Iquitos, 30 de enero de 2017
La base petrolera se asentó en el
territorio de la comunidad de Saramuro y los desplazaron. Los que se fueron
hacia arriba se denominaron San José de Saramuro y los que se retiraron más
abajo terminaron por aceptar Saramurillo, nombre que les impuso el Ministerio
de Educación en la creación de su escuela: http://lacandeladelojo.blogspot.pe/2016/09/cuando-la-historia-resitua-la-hipotesis.html.
© Manolo Berjón 2014
Durante décadas “el apoyo”
consistió en 24 horas de luz y “agua potable” (que no tiene nada de potable,
por cierto), a la comunidad de San José de Saramuro. Como contrapartida tenían
que cultivar la base petrolera. Mayor injusticia, imposible. Saramurillo fue
creciendo poco a poco. La gente de Saramurillo aumentó al calor del trabajo en
las services de las petroleras, pero continuaron sin recibir luz 24 horas al
día y el “agua potable” (que insistimos que no es potable) llegó muy tarde. Este
es parte del trasfondo de la elección de Saramurillo como lugar del paro que se
desarrolló en las cuencas petroleras de los lotes 8 y 192 por parte de algunas
organizaciones indígenas.
Todo esto para indicar que no se
puede “ayudar” únicamente a una comunidad, porque no son así las dinámicas de
los pueblos indígenas. Y en lugar de ayudar se crea una fuerte tensión. Es
decir, la unidad mínima de apoyo no es una comunidad. Hay que pensar en
unidades más grandes si deseamos que el apoyo sirva para algo más que para
exacerbar las diferencias y provocar conflictos entre comunidades vecinas.

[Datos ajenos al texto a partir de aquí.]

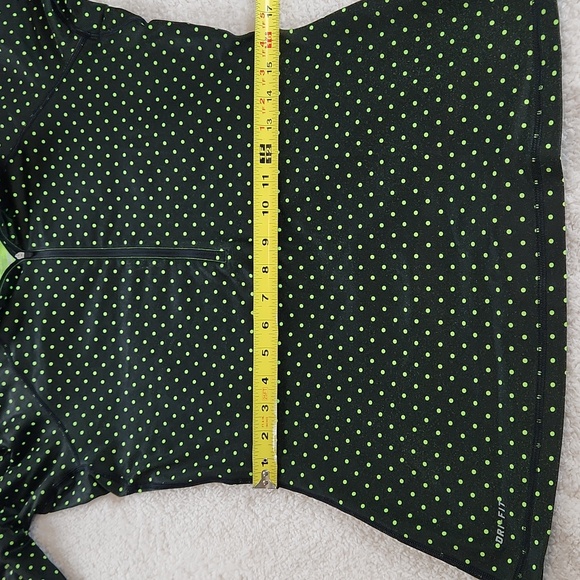 NIKE 3/4 zip sporty long sleeve top with thumb holes, black w green polka dots L - Picture 4 of 8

Si señalamos la necesidad de contextualizar
en ámbitos superiores a la comunidad, de igual manera indicamos la necesidad de
diseccionarla. Una comunidad del bajo Marañón recibió el apoyo de una ONG, y
financiación extranjera, para crear un albergue turístico. Se eligió a unas
personas que regentaran el albergue y se conectaran con los turistas. La
contrapartida era dar algún apoyo a la comunidad por parte de los regentes.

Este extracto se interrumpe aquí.